(What you have to do)
Your reply should set down word for word each line below from the one with "The CBC has" through the final line, both included, but none of the pictures.

(Dataset extract)
○ ○ ○

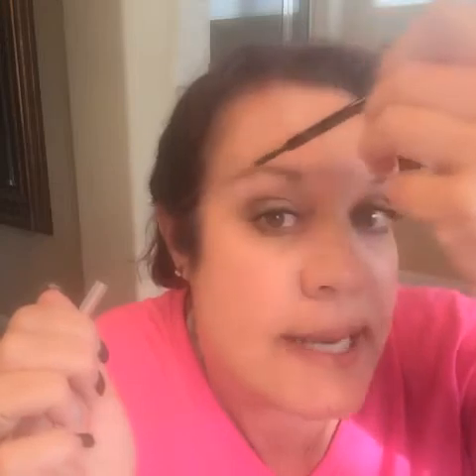The pencil has a spoolie — a little brush on the end. What I'm going to do is brush the hair in an upward motion, and then on the sides you just brush down. Get them groomed well with the spoolie first.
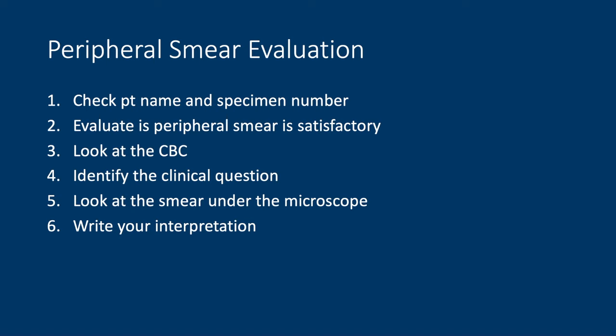The CBC has a plethora of information, and knowing what the CBC — that's complete blood count — can tell you is very helpful in your evaluation. Importantly, you need to know what question your clinical colleagues are asking you. For example, I had a peripheral smear once that came in with no information, and the question was something I wouldn't normally address — are there acanthocytes on the peripheral smear? That's important to know. Otherwise, you may not get your question answered. Then you can finally look at your smear under the microscope and write your interpretation.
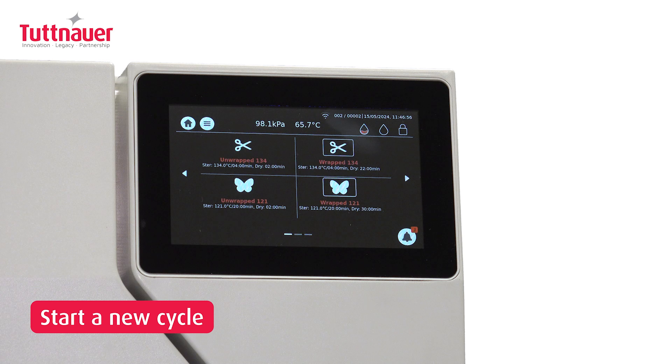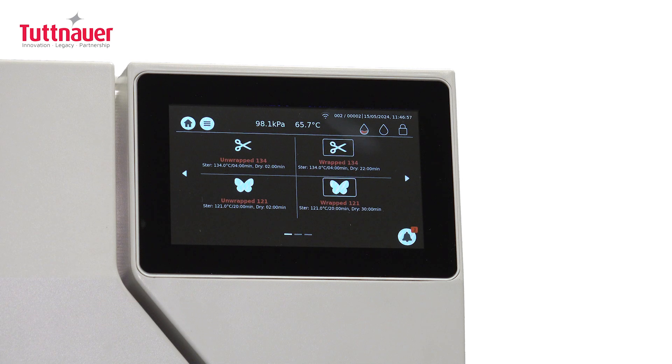With these easy steps, your T-Top System is now clean, fresh, and ready to perform at its best. Remember, regular cleaning with the T-System Clean Tablet is key to maintaining your system's efficiency and longevity.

○ ○ ○

(Task answer)
The CBC has a plethora of information, and knowing what the CBC — that's complete blood count — can tell you is very helpful in your evaluation. Importantly, you need to know what question your clinical colleagues are asking you. For example, I had a peripheral smear once that came in with no information, and the question was something I wouldn't normally address — are there acanthocytes on the peripheral smear? That's important to know. Otherwise, you may not get your question answered. Then you can finally look at your smear under the microscope and write your interpretation.
With these easy steps, your T-Top System is now clean, fresh, and ready to perform at its best. Remember, regular cleaning with the T-System Clean Tablet is key to maintaining your system's efficiency and longevity.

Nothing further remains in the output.